In short, the basic promise made by MMMFs prior to the new rules was a “have your cake and eat it” promise: you allegedly get the advantage of total safety, while reaping the advantage of taking a risk. That’s just plain, simple fraud. It’s a Ponzi scheme, sort of.

Now if you remove that “too good to be true” offer, then clearly interest rates will rise, which is basically what Pozen complains about. But what he doesn’t mention is that whenever interest rates change, the losses by one lot of people are exactly matched by gains for another lot. E.g. when interest rates rise, the above mentioned cities and corporations pay more interest, but against that, savers (pensioners in particular) will gain. So on the face of it, it’s a wash: there is no overall gain or loss. Well not quite.

It all depends on what the OPTIMUM rate of interest is, and I suggest the optimum rate is the rate that prevails in a free market: in particular, what might be called an “honest free market”. That’s a market where “have your cake and eat it” and “too good to be true” promises are outlawed.


Runs.

Another problem with the “too good to be true” offer made by banks and MMMFs is that it encourages runs in times of trouble.

That is, as long as everything seems to be OK, depositors can have their cake and eat it: they’re guaranteed their money back at the same time as undertaking the risk involved in lending. But as soon as trouble looms, well you might as well get out before the bank closes its doors, or the MMMF announces it has to break the buck.

Those sort of runs are disruptive: the 2007/8 crisis was to a significant extent a run on shadow banks.

In contrast, if depositors’ stakes in an MMMF vary with the value of the underlying assets / loans, then as soon as it looks like those assets have fallen in value by Y%, the value of the latter stakes fall by about Y% as well.

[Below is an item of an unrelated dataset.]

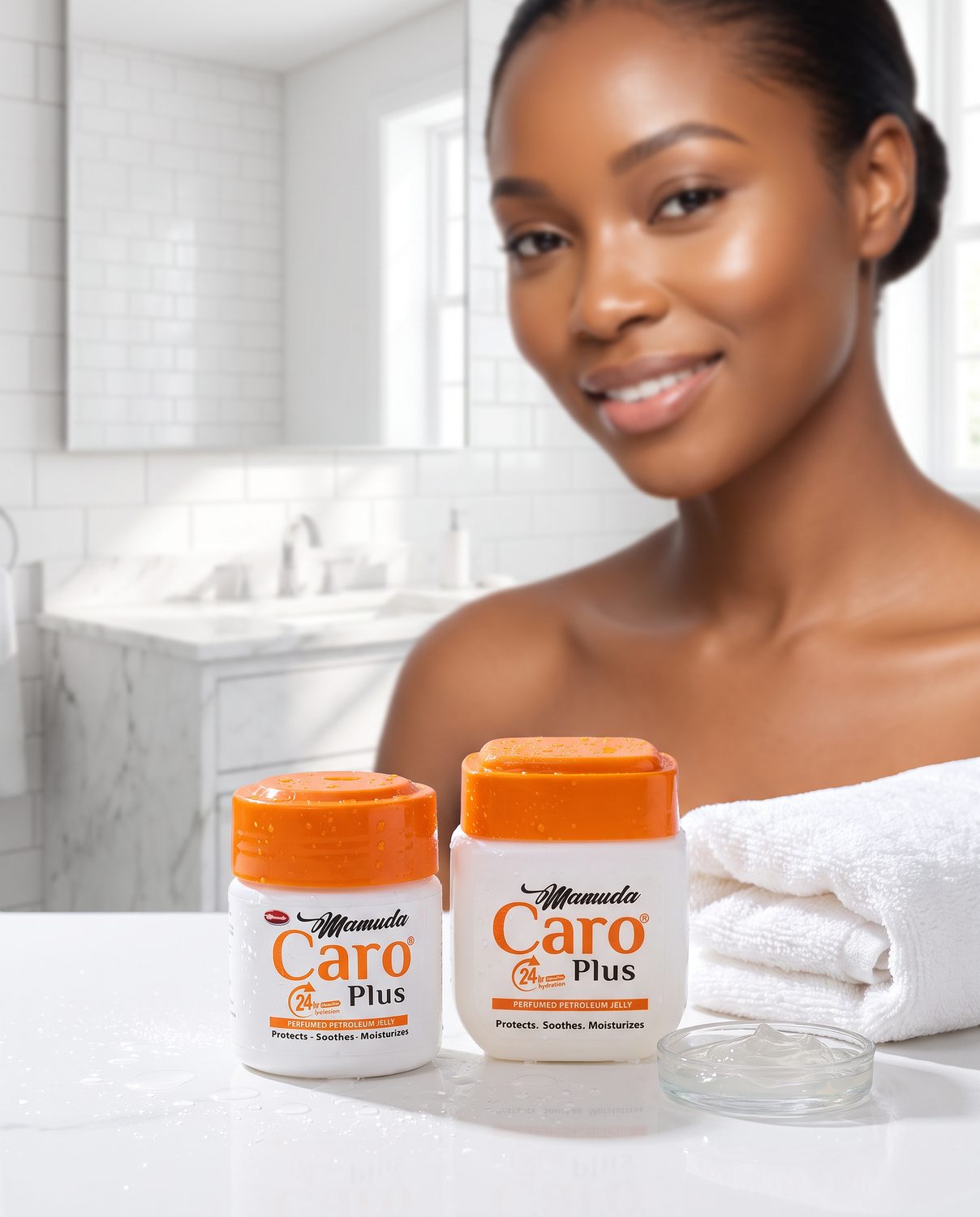 A Nigerian woman with healthy, softly glowing skin in a bright white bathroom, with the white and orange Mamuda Caro Plus petroleum jelly jars large in the foreground beside a folded white towel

So there’s no point in running.

When BP made a nasty mess in the Gulf a few years ago, it was immediately obvious BP would have to pay billions by way of fines and compensation to fishermen and others adversely affected. But there wasn’t a run on BP shares because the shares were marked down before anyone had a chance to run, apart maybe from a few insiders actually working near the relevant BP rig in the Gulf who had information about the disaster an hour or two before others.